Life, always hanging in the balance

“Well Spent,” by Scott Meskill

Struggling within the jaws of the universe

Scott Meskill’s “Fall Down and Rust” coming to ShockBoxx in Hermosa Beach

by Bondo Wyszpolski

The figures in Scott Meskill’s recent and not-so-recent paintings are pretty much cut from the same cloth. Generally speaking, they’re male, nude, and often in a curled or contorted position. None of them have smooth, flawless skin, and several call to mind an écorché, a figurural study in which the skin has been removed in order to highlight the musculature of the body. Leonardo da Vinci and Andreas Vesalius are two artists who drew these in order to better understand human anatomy. Think of Body Works; it’s kind of like that.

Scott Meskill in his studio. Photo by Bondo Wyszpolski

Meskill’s figures may be stripped of their clothes and even their skin, but they are certainly not stripped of their humanity. What they are scraped clean of, flayed if you wish, are the social baggage and veneer of rules and regulations that are imposed on us from the outside. That’s my take, at least: These are raw human beings, exposed and naked before the world.

“Morals in the Dust,” by Scott Meskill

In many of his previous paintings, Meskill’s figures are set into a background that harmonizes with or mirrors their predicament. If they’re suffering, so is the air around them. Meskill points to one picture with, in his words, a downtrodden character. “Where would he be? He had to be on a curb; that was in my head, that was the simple process.” The result was a painting atmospherically fused in foreground and background. “My comfort zone is those dark, muddy colors,” he says. “I would do a figure and it would be in a shadowed room, cubed in, boxed in, and there would be one light, bright window.” A few are reminiscent of Francis Bacon with their squirm factor. However, hanging out at ShockBoxx gallery and eyeing the vibrant work of local artists Drica Lobo and Preston Smith, Meskill realized that he didn’t have to keep his figures in what often look like isolation chambers. “I was, like, no, this character can be on squares, he can be on blocks of color. I was thinking more like an illustrator.”

By retaining the same style of figures he’s employed in the past but now giving them a different background, Meskill has generated a new dynamic. I’ll explain how that came to be.

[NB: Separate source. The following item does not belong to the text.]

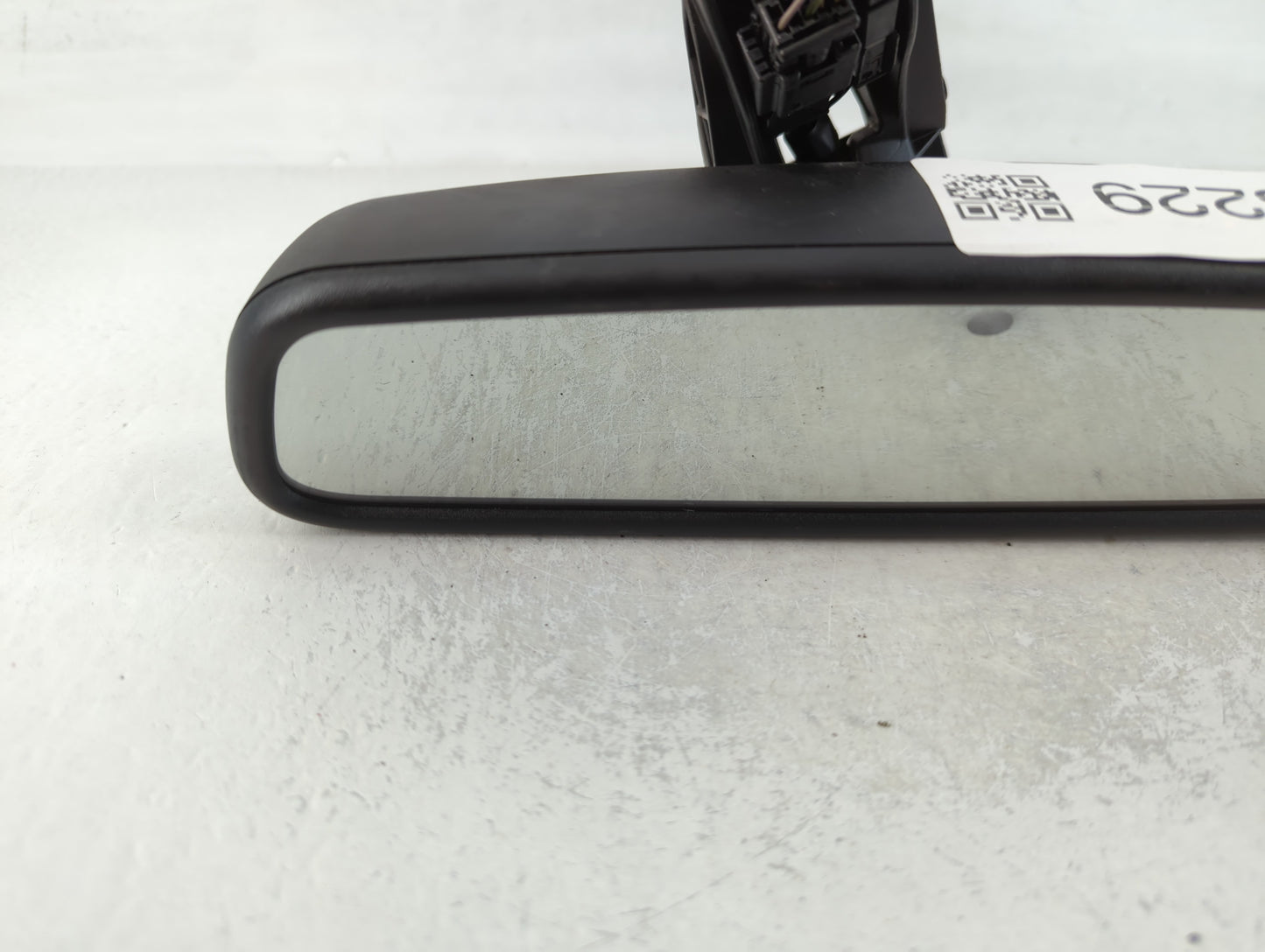 2010-2013 Bmw X5 Interior Rear View Mirror Replacement OEM P/N:E11015891 E11025891 Fits Fits 2010 2011 2012 2013 2014 OEM Used Auto Parts - Oemusedautoparts1.com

“Walking on Splinters,” by Scott Meskill

Isolation row

Scott Meskill lives in Redondo Beach but has a large working studio in Hawthorne that he now shares with two other artists, and so when one steps into the space it’s not unlike entering a living, evolving art gallery. And Meskill is, to borrow a musical theater term, a triple threat. He not only paints and sculpts, but creates decorative objects and even furniture from wood, metal, or stone. On occasion he combines all of his skills into a singular work of art.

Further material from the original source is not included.